The data START

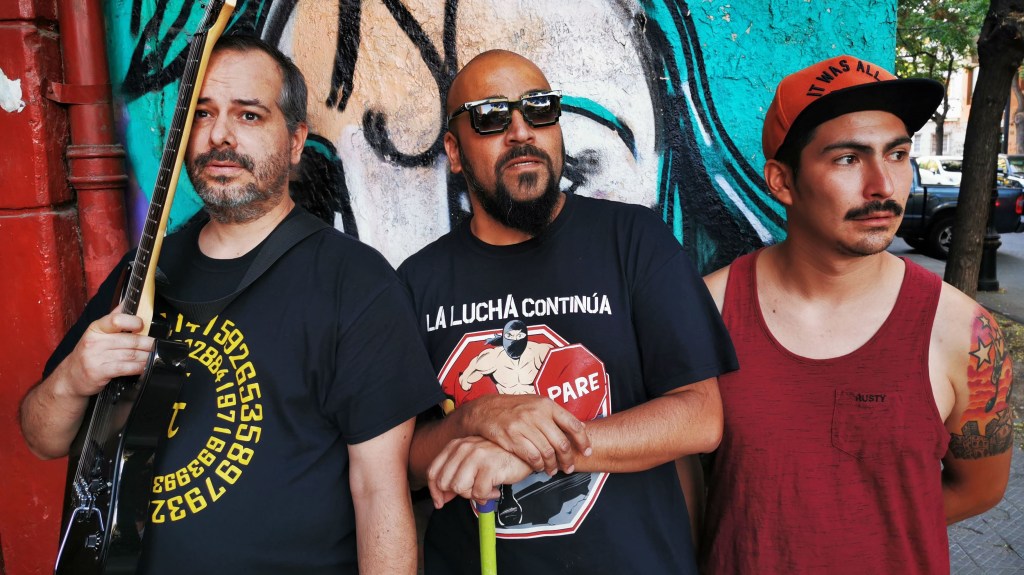 Tonto Pero Feo se prepara para celebrar sus 15 años con show en&nbsp;vivo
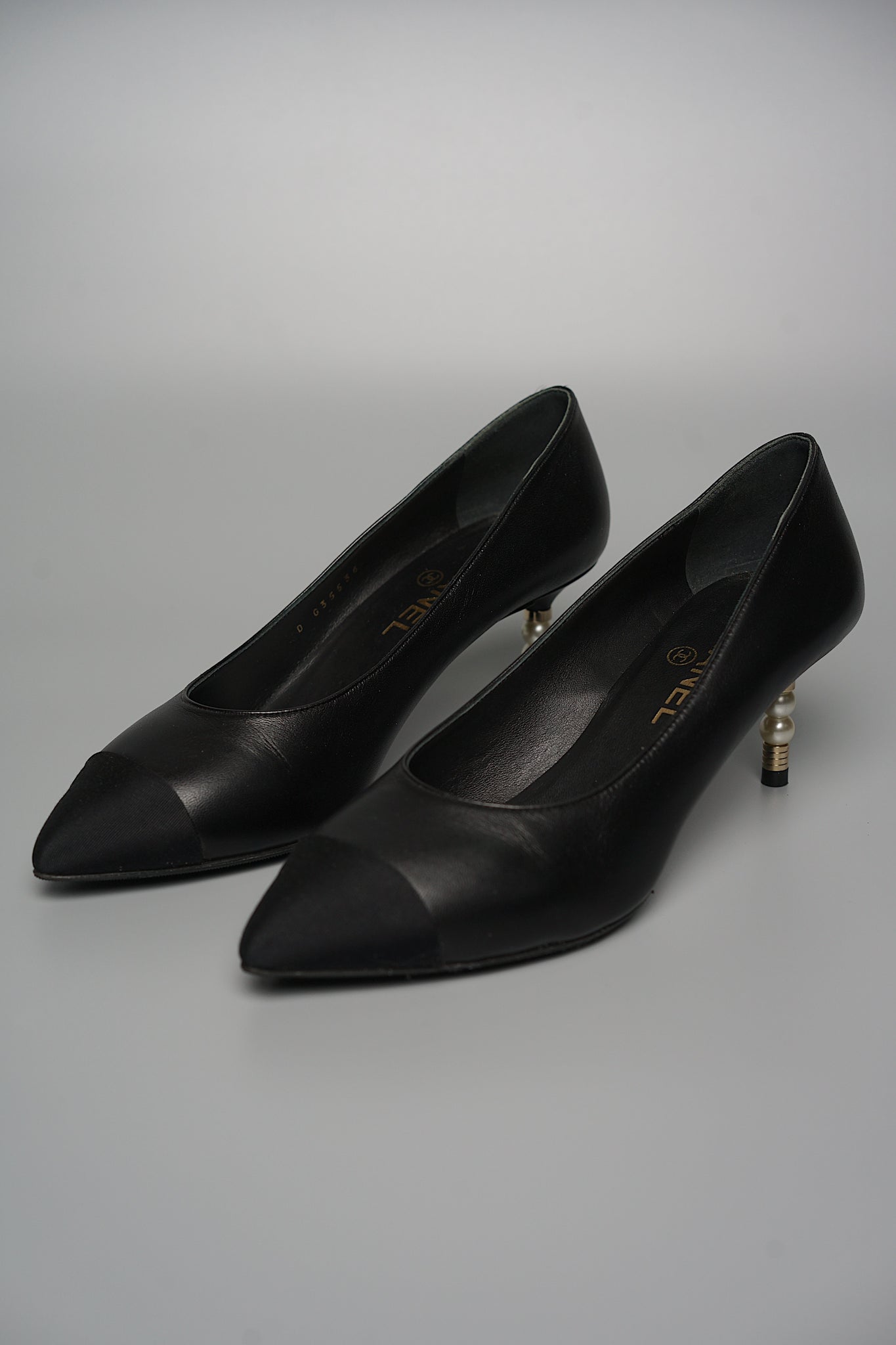 Chanel Cap Toe CC Pearl Pumps in Black Lghw Size 38.5C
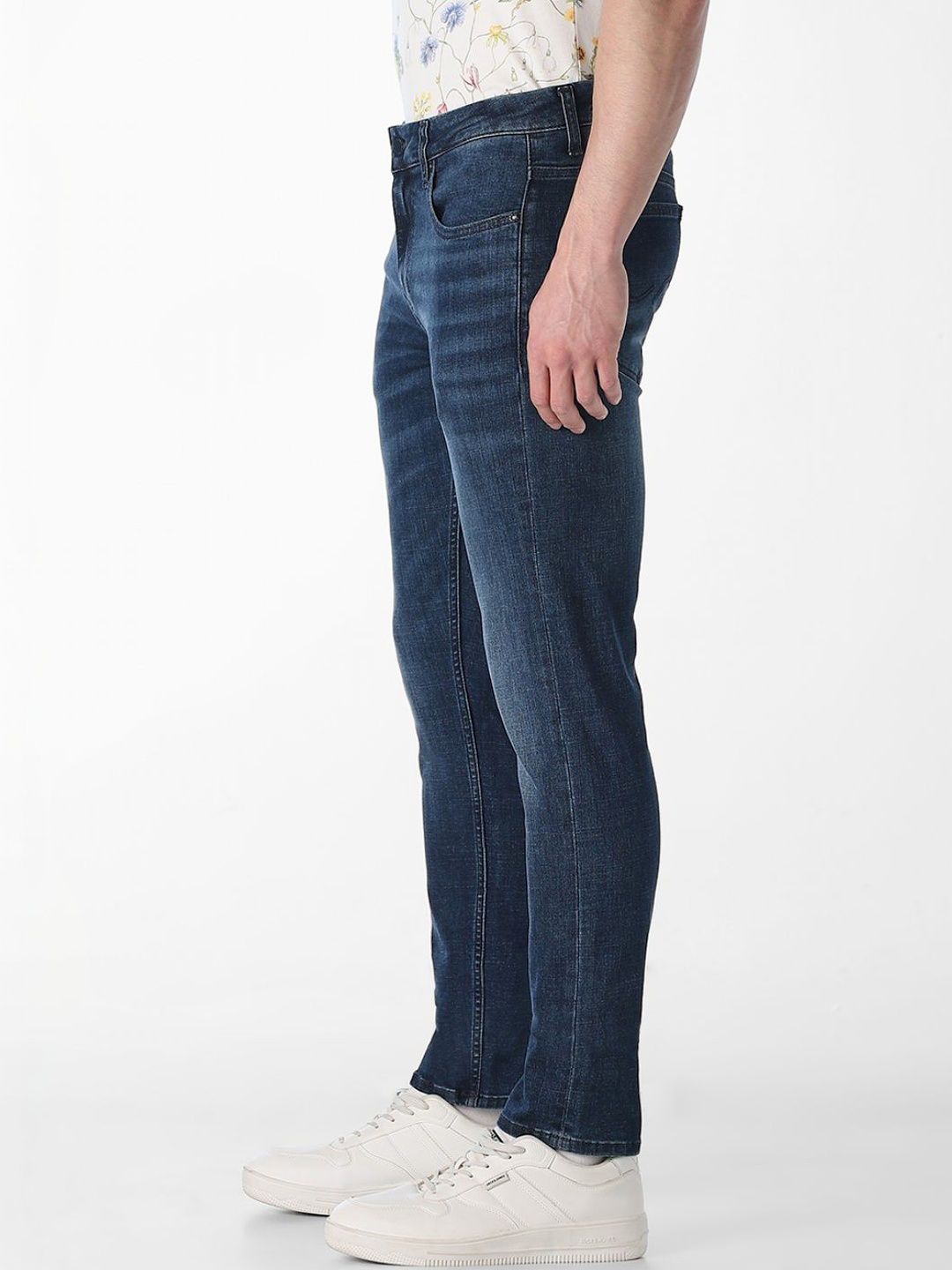 Slim Fit Low-Rise Light Fade Stretchable Jeans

The data END

* What is required *
Pictures do not belong in the copy; repeat the rest of the listing exactly.

* Written answer *
 Tonto Pero Feo se prepara para celebrar sus 15 años con show en&nbsp;vivo
 Chanel Cap Toe CC Pearl Pumps in Black Lghw Size 38.5C
 Slim Fit Low-Rise Light Fade Stretchable Jeans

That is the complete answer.